Notes on Romans 5:15-17

Narrator: Chris Genthree
ROM 15-17  •  4 min. read  •  grade level: 8
Having spoken of Adam as typical of Christ, the apostle at once proceeds to guard and clear the statement. The point of comparison is the bearing of a head on his family. He that believed the scripture (and every Jew was tenacious of the Pentateuch) must own that Adam's fall brought a condition of sin and a sentence of death on his descendants. Such was the sorrowful beginning of the Old Testament, such the key to the history of the race ever since. It was in vain then to make all a question of law. Not so: granted that what the law says it says to those under the law. The fact was plain that the fundamental book of the law shows a far deeper, wider, earlier principle, yea, so early that it embraces all the children of Adam from the first. Could any Jew deny the scripture, the facts, or the moral ground? It was certain then, and must be conceded by him who believed the first book of Moses that Adam's fall involved in universal ruin those who sprang from him; for he, while innocent, had no son His family headship was only after he sinned.

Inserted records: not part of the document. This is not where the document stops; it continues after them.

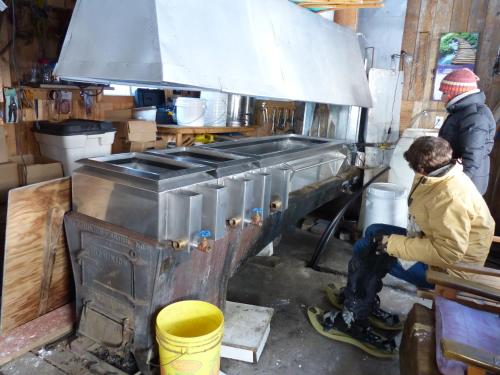 two people working in a kitchen with a stove at Bed and Breakfast Du Repos in Saint Quentin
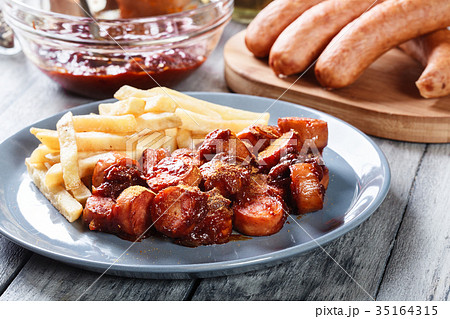 Traditional German currywurst - pieces of sausage Traditional German currywurst - pieces of sausage 35164315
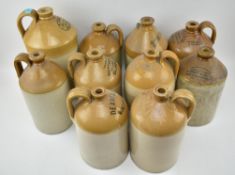 COLLECTION OF TEN EARLY 20TH CENTURY STONEWARE FLAGONS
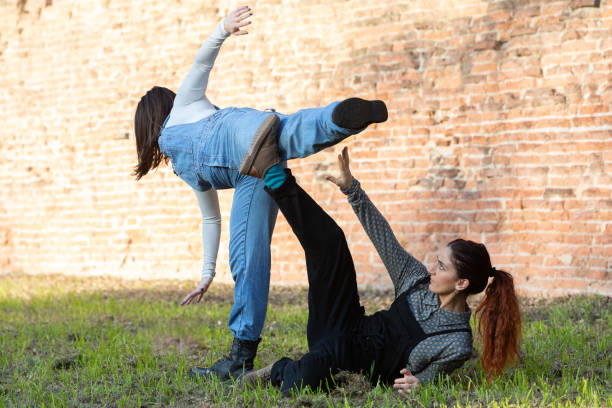 Two young performers dancing outdoors in the city streets in New York.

Now if it were a righteous dealing, as no Jew would dispute, so to involve a whole race in the consequences of what one man, their father, did amiss, Israel of all men should be the last to question the principle and the wondrous grace of God in the headship of the Lord Jesus. What Adam was to his descendants in evil and its consequences, Christ is in good to all who are His by faith. Thus the first man is a figure of the Second.
“But not as [is] the offense, so also the free gift; for if by the offense of the one the many died, much more the grace of God and the gift in the grace of the one man Jesus Christ abounded unto the many.” (Ver. 15.) Thus the apostle qualifies the analogy. The difference is an immense advantage on the side of good. How could it be otherwise with such a source of goodness as God, and with such a channel and ground and object as the man Christ Jesus? To punish, smite, destroy, was a grief, so to speak, to God; to bless is His delight, and now to the full, since Christ has made it righteous by the removal of all hindrances. The superior dignity of Christ and the exhaustless fountain of God's grace of which He was the expression secure the vast preponderance for the free gift, as against the offense.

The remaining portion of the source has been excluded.